Das neue Jahr beginnt genau wie das alte aufgehört hat: ohne Kochen. Langsam könnte ich eine Rubrik “Ungekochtes” eröffnen. Quell großer Inspiration und Freude. Oder so.

Dabei hab ich durchaus brauchbares Material im Haus: Süßkartoffeln, einen Hokkaido (ich kann mir das nie merken: wird der mit einem oder mit zwei k geschrieben?), vier Quitten, zwei Putenschnitzel, sogar zwei Hühnebrustfilets, die ich allerdings aus Mangel an Kochlust neulich einfrieren musste, eine rote und eine gelbe Paprika, einen etwas betagten Porree (oder ist der vielleicht schon weg?

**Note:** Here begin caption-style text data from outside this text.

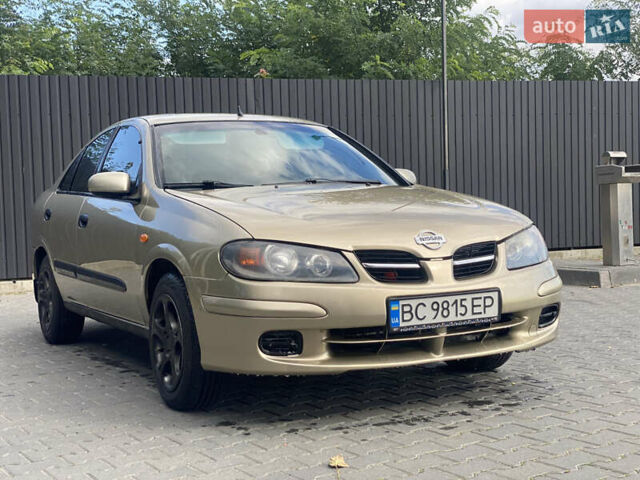 Желтый Ниссан Альмера, объемом двигателя 1.5 л и пробегом 250 тыс. км за 3000 $, фото 1 на Automoto.ua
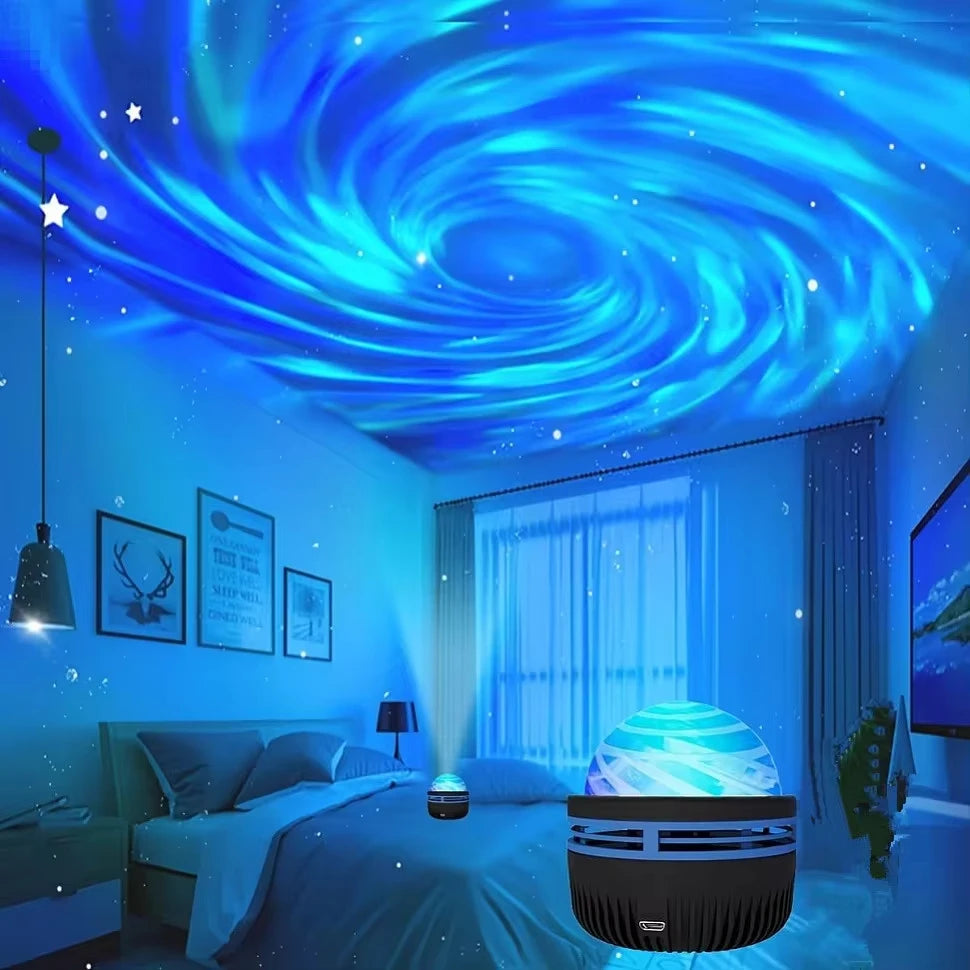 LED Galaxy Sky Projector Night Light with Remote Control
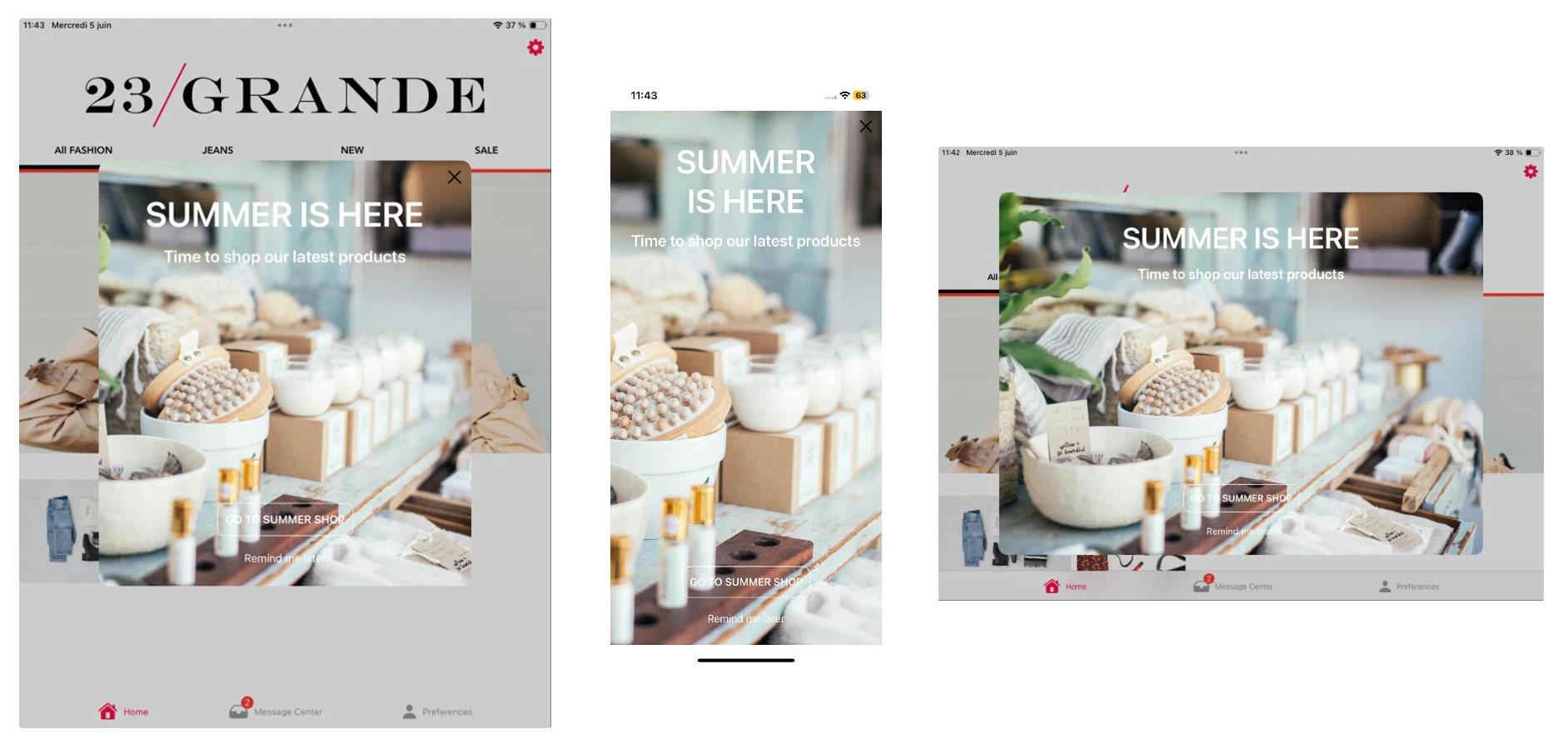 Conditional design overrides Conditional design overrides
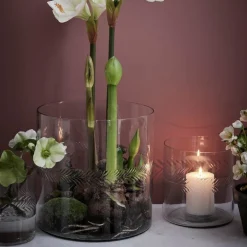 Carla vase 13 cm klar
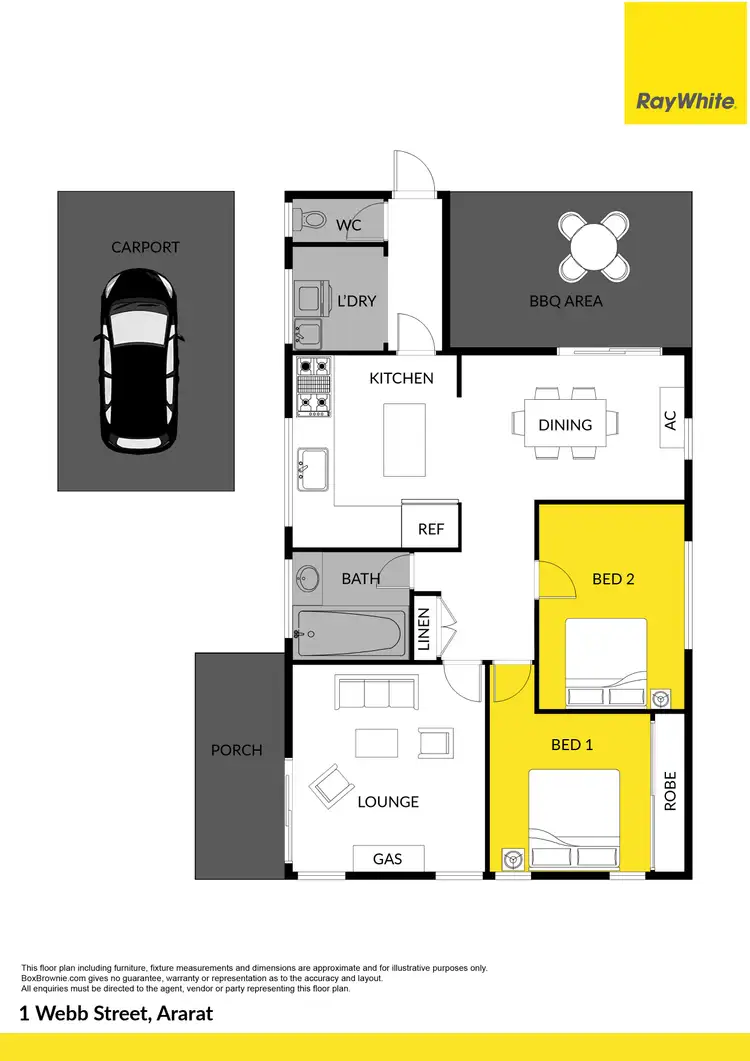 Floorplan of Homely house listing, 1 Webb Street, Ararat VIC 3377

Hmm), braune Champignons, braune Linsen, gekochte rote Bete, Mozzarella und Feta, Ebly (kennt das noch wer? Was macht man so damit?), frische Kräuter, Eier, Semmelbrösel…. Also fast nichts, was fehlte. Allein die Lust zu kochen. Oder vielmehr die primäre Lust, in der Küche für Klarschiff zu sorgen, damit eine kochlustfördernde Atmosphäre entstehe, bla. Und mir was zu überlegen.

Noch ist also mein Kochmojo nicht wieder da. Abwarten. Weinchen?